Quibbling aside, it's hard to know how big a deal this is.  Deutsche Bank CEO Josef Ackermann famously said that "It is an open secret that numerous European banks would not survive having to revalue sovereign debt held on the banking book at market levels."  Which is pretty freaky.  But how numerous?  What's the exposure of American banks?  I'm not sure anyone knows--and if they do, they're government regulators who aren't saying.  Which is in and of itself pretty scary, because if the news were good, you can be pretty sure that they'd share it.

Don't get me wrong: at best, it's a big deal.  But is it a "0.2% knocked off US GDP" kind of big deal, or a "Credit Anstalt and the second American banking crisis" sort of event?

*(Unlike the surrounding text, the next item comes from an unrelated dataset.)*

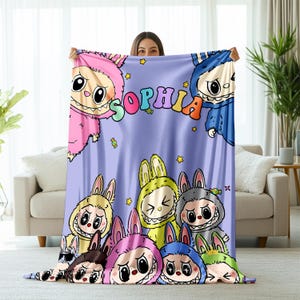 Cute Labubu Blanket,Personalized Gift for Girls,Custom Flannel Blanket,Pink and Blue Kids Blanket,Gift for Her,Soft Blanket for Labubu Lover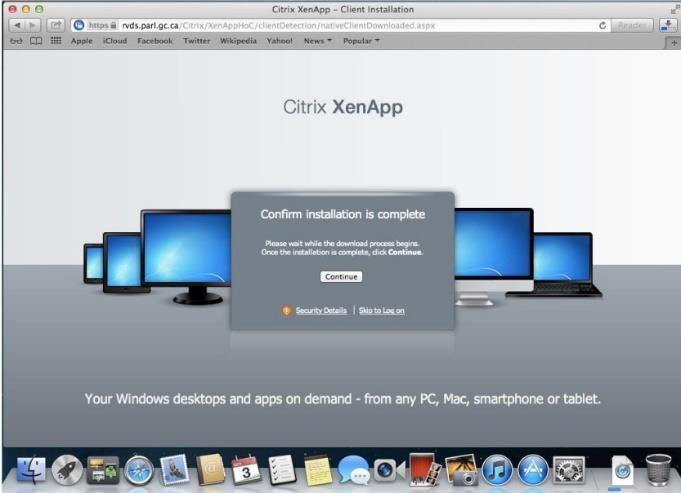 The installation page will pause while the Citrix Receiver program downloads. 5.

The Great Depression was composed of two separate panics.  As you can see from contemporary accounts--and I highly recommend that anyone who is interested in the Great Depression read the archives of that blog along with Benjamin Roth's diary of the Great Depression--in 1930 people thought they'd seen the worst of things. 

Unfortunately, the economic conditions created by the first panic were now eating away at the foundations of financial institutions and governments, notably the failure of Creditanstalt in Austria.  The Austrian government, mired in its own problems, couldn't forestall bankruptcy; though the bank was ultimately bought by a Norwegian bank, the contagion had already spread.  To Germany.  Which was one of the reasons that the Nazis came to power.  It's also, ultimately, one of the reasons that we had our second banking crisis, which pushed America to the bottom of the Great Depression, and brought FDR to power here.

To paraphrase Oscar Levant, there is always a fine line between a banking panic, and a sovereign debt crisis--and Europe has erased that line.  Which is ultimately what happened with Creditanstalt.  Austria's inability to backstop the bank's losses turned into a continent-wide problem for both banks and sovereigns, particularly in Germany, which was of course laboring under ludicrously unpayable debts from WWI.


On the other hand, parallels are rarely perfect.  There is still the possibility that Europe will somehow pull this one out--or that the contagion will not be as bad as when we were on the gold standard.  Gold is an excellent conductor of both electricity, and financial panic.

So while I wouldn't invest in canned goods and ammunition, I wouldn't invest in Greek bonds, either.  The only way we're going to find out how bad this will get is to live through it.